Assignment: Repeat every record exactly, but omit the images.

Supplied records:
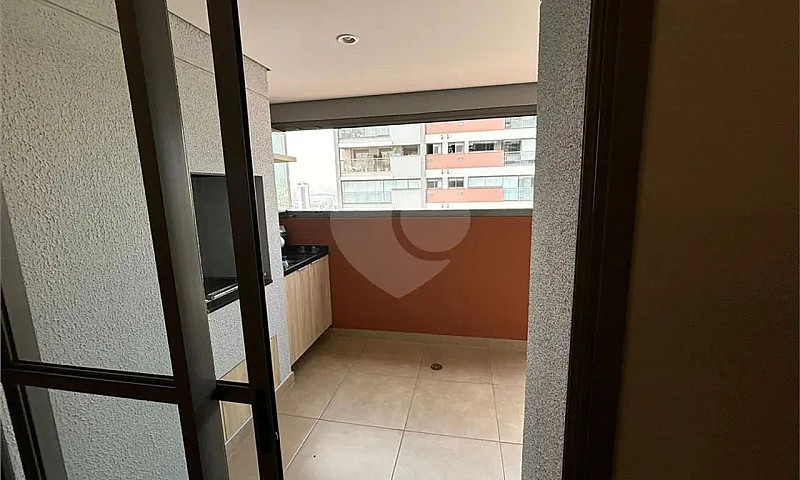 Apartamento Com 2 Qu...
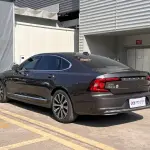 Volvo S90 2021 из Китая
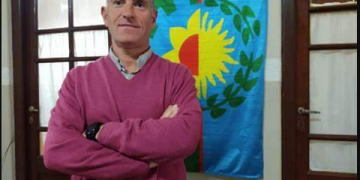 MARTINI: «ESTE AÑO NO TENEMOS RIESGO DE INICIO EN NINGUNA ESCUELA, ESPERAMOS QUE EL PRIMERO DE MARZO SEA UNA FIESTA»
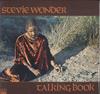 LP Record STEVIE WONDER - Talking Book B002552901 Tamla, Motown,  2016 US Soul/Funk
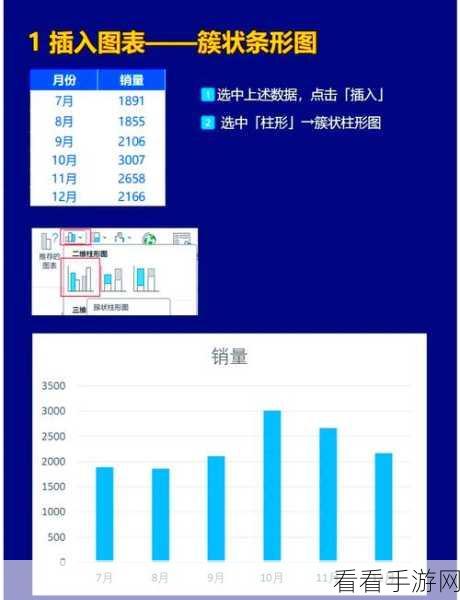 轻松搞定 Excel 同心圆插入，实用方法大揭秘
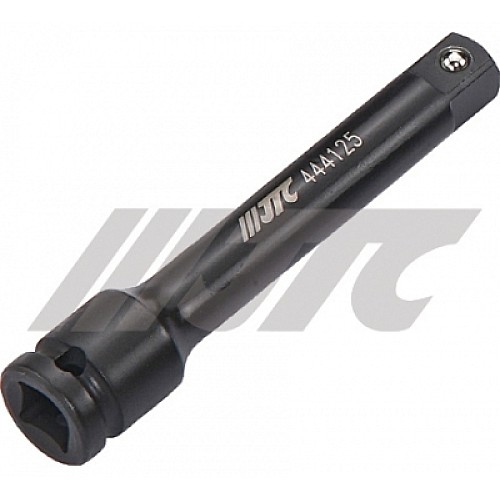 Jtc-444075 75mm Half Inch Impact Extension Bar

Output for this exercise:
 Apartamento Com 2 Qu...
 Volvo S90 2021 из Китая
 MARTINI: «ESTE AÑO NO TENEMOS RIESGO DE INICIO EN NINGUNA ESCUELA, ESPERAMOS QUE EL PRIMERO DE MARZO SEA UNA FIESTA»
 LP Record STEVIE WONDER - Talking Book B002552901 Tamla, Motown,  2016 US Soul/Funk
 轻松搞定 Excel 同心圆插入，实用方法大揭秘
 Jtc-444075 75mm Half Inch Impact Extension Bar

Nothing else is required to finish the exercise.